Dünyanın geniş siyasî ve içtimaî olaylarının yanı sıra, bütün dünya devletleri Koronavirüs denilen dehşetli ve bulaşıcı bir virüsle boğuşuyor. Genel olarak insanlığın zihni tamamen bu hadiseye yoğunlaşmış. Ölüm bütün çıplaklığıyla insanların gözleri önünde cereyan ediyor. Dünyanın ne kadar fâni ve geçici olduğu ayan beyan görülüyor.
Yaratılıştan ebediyet isteyen ve ölüm gerçeğinden son derece korkan insanlık, bu olay karşısında çaresizlik içinde. Doktorların gözleri önünde binlerce insan can veriyor ama bir şey elden gelmiyor. Amerika ve Avrupa devletleri huzur evlerinde olanları kendi hallerinde ölüme terk etmiş. Hastanelerde yatan hastaların da yaşlı olanlarını değil, hiç olmazsa daha genç olanlarını kurtaralım diye hasta seçmek durumunda kalmış vaziyette. Sağlık sistemleri çökmüş. Henüz ilâcı olmayan bir hastalık karşısında doktorlar ne kadar âciz kaldıklarını bizzat yaşayarak görüyorlar. Gelişmiş ülkeler denilen ve milli gelirleri trilyonlarla ifade edilen zengin devletleri yönetenler de, ölüm gerçeği karşısında ne kadar çaresiz kaldıklarını onlar da gördüler. Bir virüs âdeta dünyayı dize getirdi. Allah’ın ordularından sadece birisi olan Koronavirüs, burnu Kaf Dağında ve kibirlerinden yanlarına yaklaşılamayan adamları şaşkına çevirdi.
Dünya çapında binlerce insanın ölümüne sebep olan bir virüs, insanların ebediyet isteyen kalplerinde dehşetli korkular ve yaralar açtı. Sonsuza kadar yaşamak arzu eden her insan, teselli verecek hakiki ve semavî bir din arayışına girdi. Avrupa devletlerinin bir kısmında şimdiden camilerde açıktan ezan okunmasına izin verilmesi, kiliselerde ezanlar okutulması ve diğer dînî gelişmeler hayra alâmet. Bu arayışlar, inşaallah insanlığın İslâm diniyle buluşmasını netice verecek gibi görünüyor.

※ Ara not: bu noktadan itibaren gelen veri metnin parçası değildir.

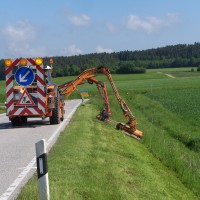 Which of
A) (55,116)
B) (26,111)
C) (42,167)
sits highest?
(42,167)

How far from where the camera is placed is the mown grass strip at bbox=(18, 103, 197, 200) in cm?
746

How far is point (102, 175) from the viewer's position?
28.3ft

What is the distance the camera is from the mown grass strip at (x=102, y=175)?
746cm

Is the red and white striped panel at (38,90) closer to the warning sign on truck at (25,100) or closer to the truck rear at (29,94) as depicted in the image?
the truck rear at (29,94)

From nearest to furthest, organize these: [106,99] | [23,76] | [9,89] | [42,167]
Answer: [42,167] → [23,76] → [9,89] → [106,99]

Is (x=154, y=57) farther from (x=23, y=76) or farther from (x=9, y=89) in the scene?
(x=23, y=76)

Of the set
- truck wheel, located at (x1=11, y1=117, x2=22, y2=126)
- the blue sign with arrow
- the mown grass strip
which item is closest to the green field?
the mown grass strip

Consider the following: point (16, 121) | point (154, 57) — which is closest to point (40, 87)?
point (16, 121)

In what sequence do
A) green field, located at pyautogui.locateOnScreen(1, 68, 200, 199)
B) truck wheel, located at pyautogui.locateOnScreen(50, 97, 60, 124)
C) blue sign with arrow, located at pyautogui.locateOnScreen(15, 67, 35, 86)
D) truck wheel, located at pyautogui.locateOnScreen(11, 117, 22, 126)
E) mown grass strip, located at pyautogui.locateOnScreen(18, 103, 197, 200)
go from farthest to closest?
truck wheel, located at pyautogui.locateOnScreen(11, 117, 22, 126) → truck wheel, located at pyautogui.locateOnScreen(50, 97, 60, 124) → blue sign with arrow, located at pyautogui.locateOnScreen(15, 67, 35, 86) → green field, located at pyautogui.locateOnScreen(1, 68, 200, 199) → mown grass strip, located at pyautogui.locateOnScreen(18, 103, 197, 200)

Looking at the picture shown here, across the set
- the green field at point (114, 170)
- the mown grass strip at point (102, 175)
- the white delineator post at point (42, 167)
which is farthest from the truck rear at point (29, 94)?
the white delineator post at point (42, 167)

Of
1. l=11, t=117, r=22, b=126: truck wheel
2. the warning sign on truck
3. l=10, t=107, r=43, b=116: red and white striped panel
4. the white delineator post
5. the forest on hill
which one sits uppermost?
the white delineator post

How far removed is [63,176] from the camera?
8398 millimetres

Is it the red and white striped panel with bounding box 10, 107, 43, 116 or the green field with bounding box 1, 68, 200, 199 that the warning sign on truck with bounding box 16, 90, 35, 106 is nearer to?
the red and white striped panel with bounding box 10, 107, 43, 116

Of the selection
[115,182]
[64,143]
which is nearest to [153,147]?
[64,143] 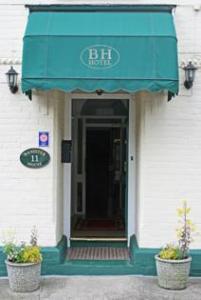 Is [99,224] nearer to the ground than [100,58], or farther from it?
nearer to the ground

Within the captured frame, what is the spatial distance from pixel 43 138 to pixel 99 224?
8.37 feet

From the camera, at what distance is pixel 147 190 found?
686cm

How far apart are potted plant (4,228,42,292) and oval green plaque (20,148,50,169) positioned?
1.19 m

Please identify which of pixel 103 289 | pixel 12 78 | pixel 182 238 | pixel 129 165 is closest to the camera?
pixel 103 289

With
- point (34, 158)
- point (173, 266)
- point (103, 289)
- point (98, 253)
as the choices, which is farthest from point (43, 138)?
point (173, 266)

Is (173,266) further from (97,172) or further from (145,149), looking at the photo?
(97,172)

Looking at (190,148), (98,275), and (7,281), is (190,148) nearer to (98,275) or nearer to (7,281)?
(98,275)

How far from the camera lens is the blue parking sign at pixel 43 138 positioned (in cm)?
689

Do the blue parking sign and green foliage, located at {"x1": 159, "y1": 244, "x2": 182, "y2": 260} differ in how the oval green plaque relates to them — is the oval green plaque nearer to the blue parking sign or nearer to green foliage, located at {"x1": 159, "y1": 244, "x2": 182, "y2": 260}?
the blue parking sign

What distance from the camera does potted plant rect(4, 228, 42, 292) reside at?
6113 millimetres

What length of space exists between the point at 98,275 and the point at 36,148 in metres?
1.99

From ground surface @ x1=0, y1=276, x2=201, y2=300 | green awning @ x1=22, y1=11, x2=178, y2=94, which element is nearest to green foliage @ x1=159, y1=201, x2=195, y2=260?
ground surface @ x1=0, y1=276, x2=201, y2=300

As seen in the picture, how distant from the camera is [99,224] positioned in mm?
8797

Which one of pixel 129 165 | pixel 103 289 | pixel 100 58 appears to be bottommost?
pixel 103 289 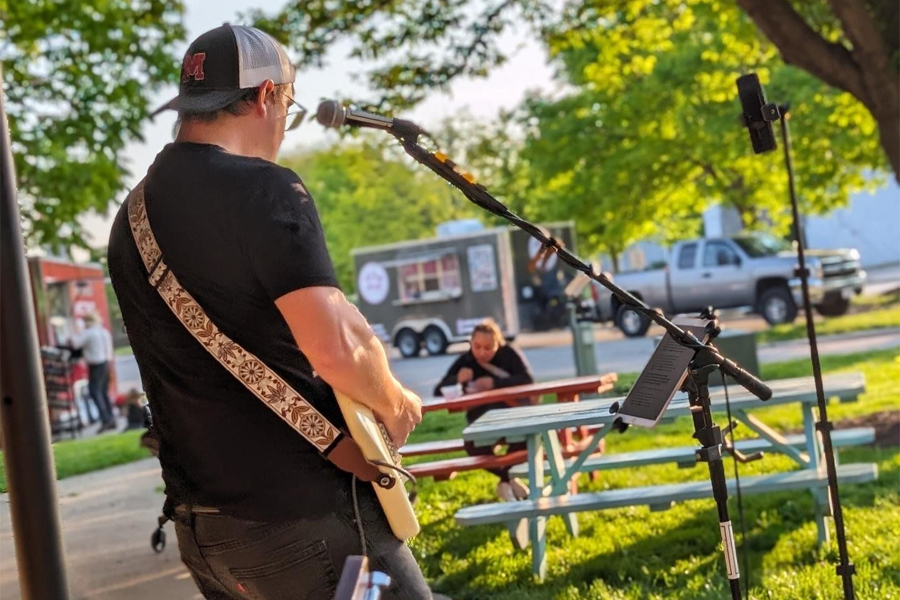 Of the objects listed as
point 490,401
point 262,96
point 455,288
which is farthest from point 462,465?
point 455,288

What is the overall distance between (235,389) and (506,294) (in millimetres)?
26078

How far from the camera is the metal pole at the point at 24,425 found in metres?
2.47

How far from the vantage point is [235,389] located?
7.53ft

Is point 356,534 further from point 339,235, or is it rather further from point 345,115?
point 339,235

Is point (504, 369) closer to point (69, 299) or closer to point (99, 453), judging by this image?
point (99, 453)

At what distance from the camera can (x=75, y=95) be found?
13.8 metres

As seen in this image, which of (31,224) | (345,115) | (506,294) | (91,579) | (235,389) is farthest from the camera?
(506,294)

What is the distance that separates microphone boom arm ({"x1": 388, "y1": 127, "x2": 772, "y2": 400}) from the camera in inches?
113

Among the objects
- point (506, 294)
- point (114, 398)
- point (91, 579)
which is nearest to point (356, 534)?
point (91, 579)

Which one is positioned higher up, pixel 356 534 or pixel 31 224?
pixel 31 224

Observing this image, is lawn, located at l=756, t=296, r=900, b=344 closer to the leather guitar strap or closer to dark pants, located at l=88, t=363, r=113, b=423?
dark pants, located at l=88, t=363, r=113, b=423

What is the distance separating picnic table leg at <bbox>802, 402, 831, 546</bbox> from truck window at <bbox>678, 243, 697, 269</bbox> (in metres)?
19.5

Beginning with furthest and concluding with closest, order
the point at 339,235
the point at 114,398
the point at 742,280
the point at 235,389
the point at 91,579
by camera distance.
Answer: the point at 339,235 < the point at 742,280 < the point at 114,398 < the point at 91,579 < the point at 235,389

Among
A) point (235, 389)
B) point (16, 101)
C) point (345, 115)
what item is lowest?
point (235, 389) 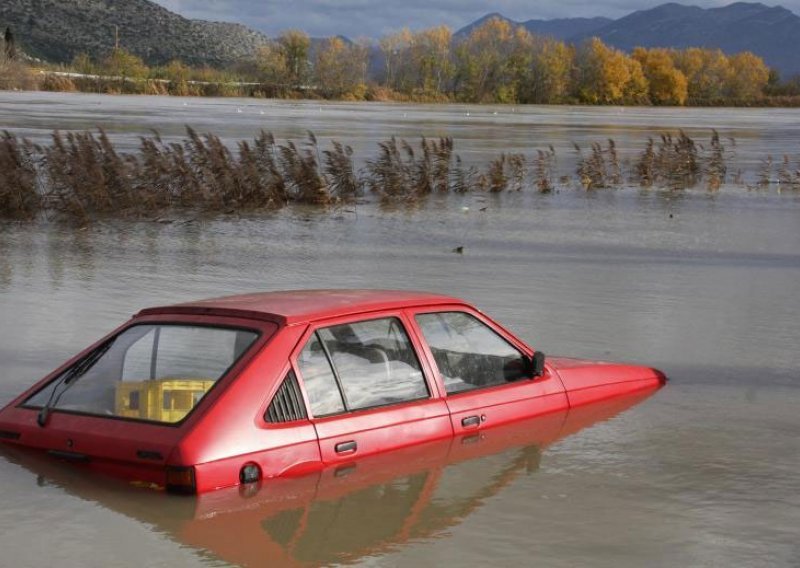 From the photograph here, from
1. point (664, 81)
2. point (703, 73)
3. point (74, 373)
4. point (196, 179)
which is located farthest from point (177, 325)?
point (703, 73)

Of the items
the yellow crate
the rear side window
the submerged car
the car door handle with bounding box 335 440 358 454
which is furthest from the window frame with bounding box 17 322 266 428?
the car door handle with bounding box 335 440 358 454

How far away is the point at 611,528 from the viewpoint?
24.6 ft

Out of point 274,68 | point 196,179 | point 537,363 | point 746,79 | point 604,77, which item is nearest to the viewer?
point 537,363

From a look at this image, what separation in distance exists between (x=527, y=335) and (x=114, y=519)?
650cm

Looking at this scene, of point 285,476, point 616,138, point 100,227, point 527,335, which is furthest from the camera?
point 616,138

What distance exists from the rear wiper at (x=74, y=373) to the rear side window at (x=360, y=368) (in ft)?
4.08

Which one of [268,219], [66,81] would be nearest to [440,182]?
[268,219]

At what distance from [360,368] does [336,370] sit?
22 cm

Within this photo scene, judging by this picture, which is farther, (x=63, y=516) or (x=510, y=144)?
(x=510, y=144)

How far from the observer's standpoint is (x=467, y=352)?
9117 millimetres

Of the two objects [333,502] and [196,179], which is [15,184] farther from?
[333,502]

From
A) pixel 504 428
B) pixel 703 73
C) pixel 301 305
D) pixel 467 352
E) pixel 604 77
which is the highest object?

Böylesine ilginç gelişmelerin yaşandığı bir dünya hayatında, bizler aslî hizmetlerimizin başındayız. Zira, bizler Risale-i Nurla ehl-i imanın imanını kurtarmak ve muhafaza etmekle vazifeli bir cemaatiz. Bizim meşgul olduğumuz vazife, ehli dünyanın meşgul olduğu en büyük meselelerden daha büyüktür. Bizim en küçük meselemize, onların en büyük meseleleri mukabil gelemez. Hiç bir ayırım yapmadan, milletin bütün fertlerine takdim edilen bu iman hizmetine herkesin ihtiyacı vardır. Bu hizmette dost düşman ayırımı yapılamaz. Çünkü, kimin, ne zaman, nerede ve ne şekilde hidayete geleceğini Allah’tan başka kimse bilemez.
Bu itibarla, her biri birer irşat ve tebliğ kürsüsü olan Nur dershaneleri ve diğer ders meclisleri, iman ve Kur’an hakikatleri cihetinde etrafına ışık saçmaya devam etmeli ve en büyük ve en birinci vazifemizin bu olduğu hiç bir zaman unutulmamalı ve ihmale uğramamalıdır. Ülkemizi hem ahlâken hem de her cihetten yükseltecek olan da bu tarz hizmetlerdir.